If you crack the MLS-C01 exam, I can assure you, it can help you in your role at your current company, may be a promotion or some other benefit. It definitely helped me to set myself apart from the crowd in my company, and helped me get a promotion as well. It depends on person to person and opportunities in company.

The certification preparation, definitely helped me get a broader perspective, and enhance my learning beyond my area of expertise ie. traditional ML algorithms for a long time.

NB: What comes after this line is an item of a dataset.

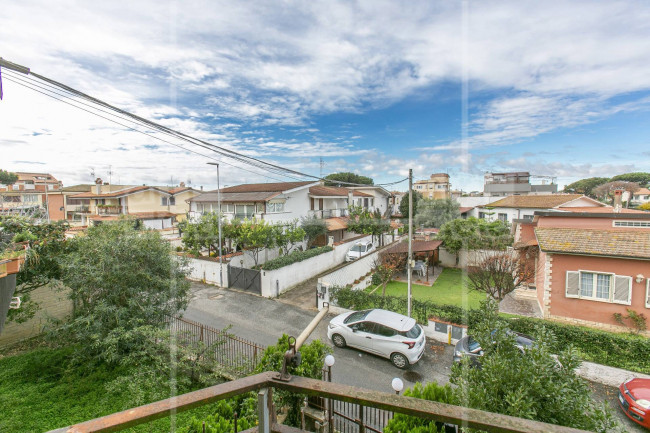 Appartamento in vendita a Pomezia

  • The best part about MLS-C01 is that it tests practical knowledge on your experience in developing and debugging models
  • Around 40% to 50% of questions test the knowledge you have in data science, data engineering, feature engineering and model training
    • The exam can touch upon any algorithm outside of built-in algorithm in Sagemaker - not like any ML algorithm on earth, but the most used and popular ones
    • Need to have a good knowledge on deep learning frameworks and and building models using them
  • Rest of the questions will be from AWS Sagemaker, its built in algorithms, training on AWS Sagemaker and using AWS resources to deploy models in production
  • People who do not have experience in ML from their job have also passed the exam, but they have put in their efforts as well

How did I prepare ?

Most of my learning comes from my on job experience. However, everyone needs exam specific preparation, job experience doesn’t cover the breadth of the exam

Video tutorials

  • There are many video tutorials in Udemy, I specifically used the one from Frank Kane and Stephane Mareek
  • Another video tutorial and a good bank of practice questions are available on www.aws.training
    • It is the exam readiness course on aws.training which has a practice exam for free of cost, containing 35 questions (at the end of the course)
    • At the end of every module, it has 4 to 5 questions which are again bonus preparation material
    • Above is a game changer and helps gain confidence
  • Another source would be to purchase practice exams on Udemy and go through them again and again. Test yourself until you score above 95%

Sudo Tip:

  • If you are in a time crunch and didn’t get a chance to use Sagemaker hands-on in your job, here is a tip: Watch these video series from Emily Webber on this YouTube playlist
  • These are deep dive sessions on AWS Machine Learning and SageMaker
  • If you find more time, download and run the example notebooks presented in above Deep Dive Videos
    • Explore these notebooks in detail if you are interested in true learning beyond exam preparation
    • These are guided notebooks, no need of videos to be followed. All the necessary explanations are in the notebook
    • Believe me! it’s a goldmine of information on Machine Learning with AWS
  • Watch all the videos, don’t skip any of them (may be you can skip SageMaker Studio, as it doesn’t show up on exam yet, as of writing this blog)I found them extremely useful evn though I had experience using Sagemaker.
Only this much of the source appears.